Nas cidades chinesas, você vê lojas abrindo e fechando, fachadas sendo redecoradas para parecerem mais sofisticadas, mais chamativas e mais atraentes do que as dos vizinhos. Mas o design de uma igreja é mais atemporal e estável. É um mediador arquitetônico que pode ajudar a harmonizar desequilíbrios no ambiente construído ou trazer a beleza do lugar à tona.

Dessa forma, um edifício de igreja tem uma relação dialética com seu ambiente: ele se destaca e se integra.

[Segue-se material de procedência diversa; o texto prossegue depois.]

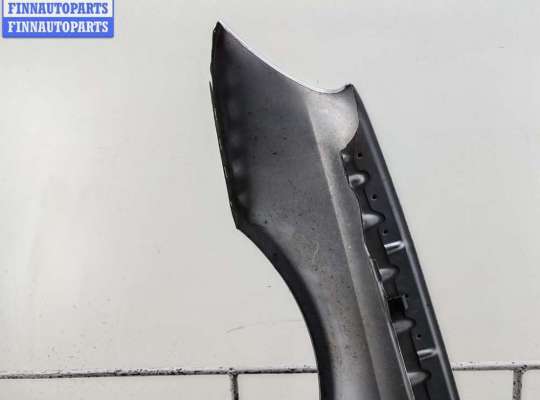 купить Крыло переднее правое на Mercedes E-Class W211 (2002-2009)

Por exemplo, Julong é uma cidade recém-criada que fica nos arredores de Quanzhou, uma cidade portuária na província sulista de Fujian. As pessoas que moram lá vieram de toda parte do país. Transformar a igreja de Julong em uma arca ou um refúgio, inspirada na ideia de Pedro como a rocha sobre a qual Jesus construirá sua igreja (Mateus 16.18), envia uma mensagem de estabilidade em meio às tormentas de um mundo em [constante] mudança.

Sua localização ao pé da montanha de Julong também permite não só que as pessoas contemplem a beleza da natureza; é uma referência visual ao Sermão do Monte, no qual Jesus subiu em um monte para pregar e ensinar.

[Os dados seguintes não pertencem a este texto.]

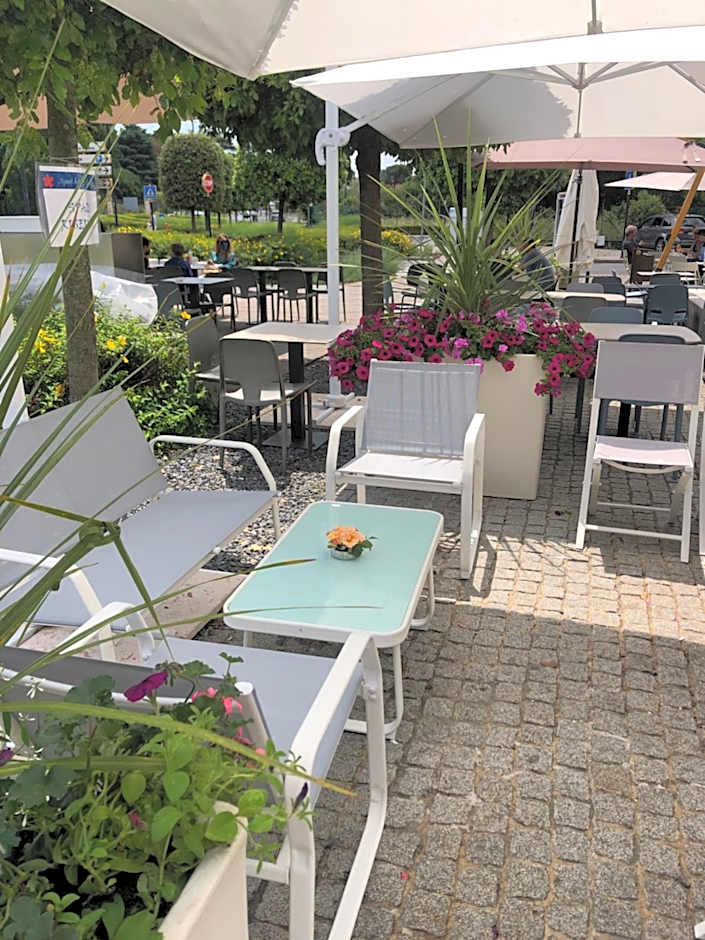 Apart-Hotel la Rocchetta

Você acha que a beleza arquitetônica das igrejas contribui para práticas espirituais como o culto ou a oração? Ou é uma distração?

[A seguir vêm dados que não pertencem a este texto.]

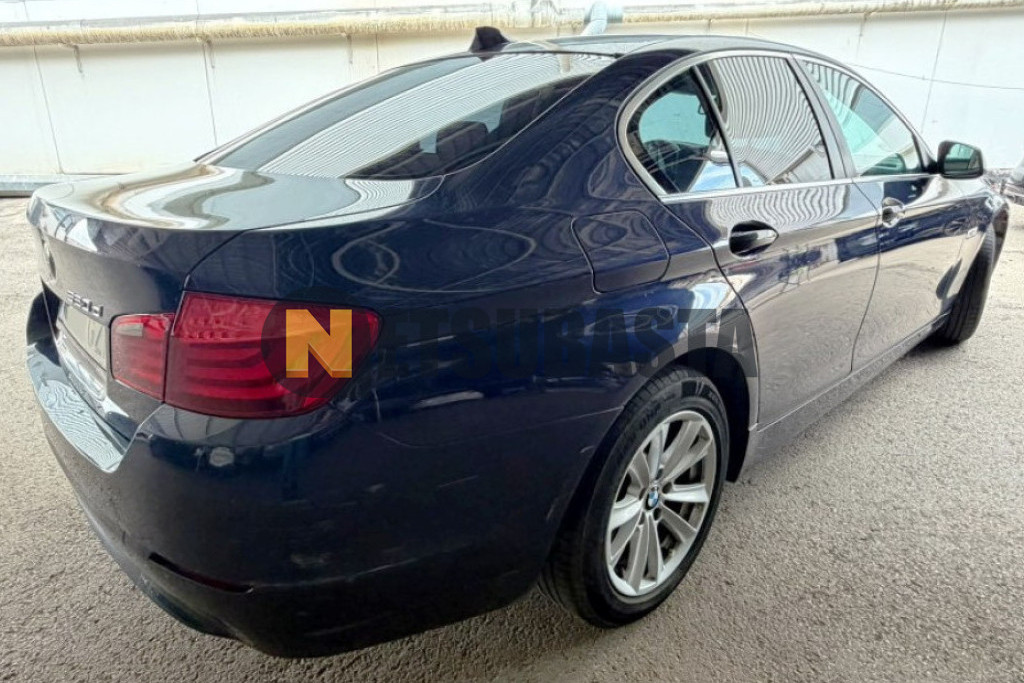 Bmw 520d Aut. 2010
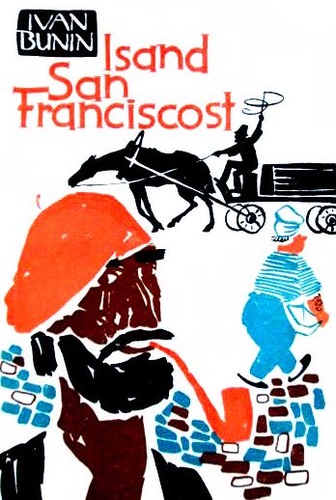 Isand San Franciscost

Essa é a velha questão protestante: A beleza formal inspira e aproxima a pessoa de Deus ou a distrai? Essa questão precisa ser respondida pela congregação. Como arquiteto, você não pode criar um lugar de culto que se adeque às suas inclinações ou crenças pessoais. Você tem que ouvir o que a comunidade deseja.

O interior da igreja Hua Xiang é um espaço branco muito simples, com galerias superiores levemente onduladas, um teto plano e um número reduzido de luminárias. É uma concepção muito clássica, quase reformada, de como um espaço litúrgico deve ser.

Mas um grande órgão de tubos, popular nas igrejas norte-americanas na segunda metade do século 19, funciona como o principal elemento do palco. Esse foi um desejo da própria congregação, que queria um elemento que desse continuidade à sua herança metodista.

Esse órgão de tubos inspira o sermão ou inspira a oração? Eu não sei. Mas acredito que a música que ele cria restabelece laços com as formas cristãs de convivência. A igreja aprecia o fato de se sentir mais próxima de sua própria tradição por meio dele.

Há algo que você espera que as pessoas que visitam essas igrejas aprendam sobre Deus e sobre o cristianismo chinês?

Como arquiteto, não me imponho no que diz respeito ao que as pessoas devem pensar sobre Deus. Não estou aqui para proteger uma compreensão específica ou única de Deus. Eu planejo e projeto a igreja física, mas a verdadeira igreja são as pessoas dentro dela, os pastores e os irmãos e as irmãs que pregam, projetam e ensinam o cristianismo.

Se eles acham que minha arquitetura os ajuda a fazer tudo isso, então, fico feliz. Não acho que seja apropriado eu pensar algo que vá além disso.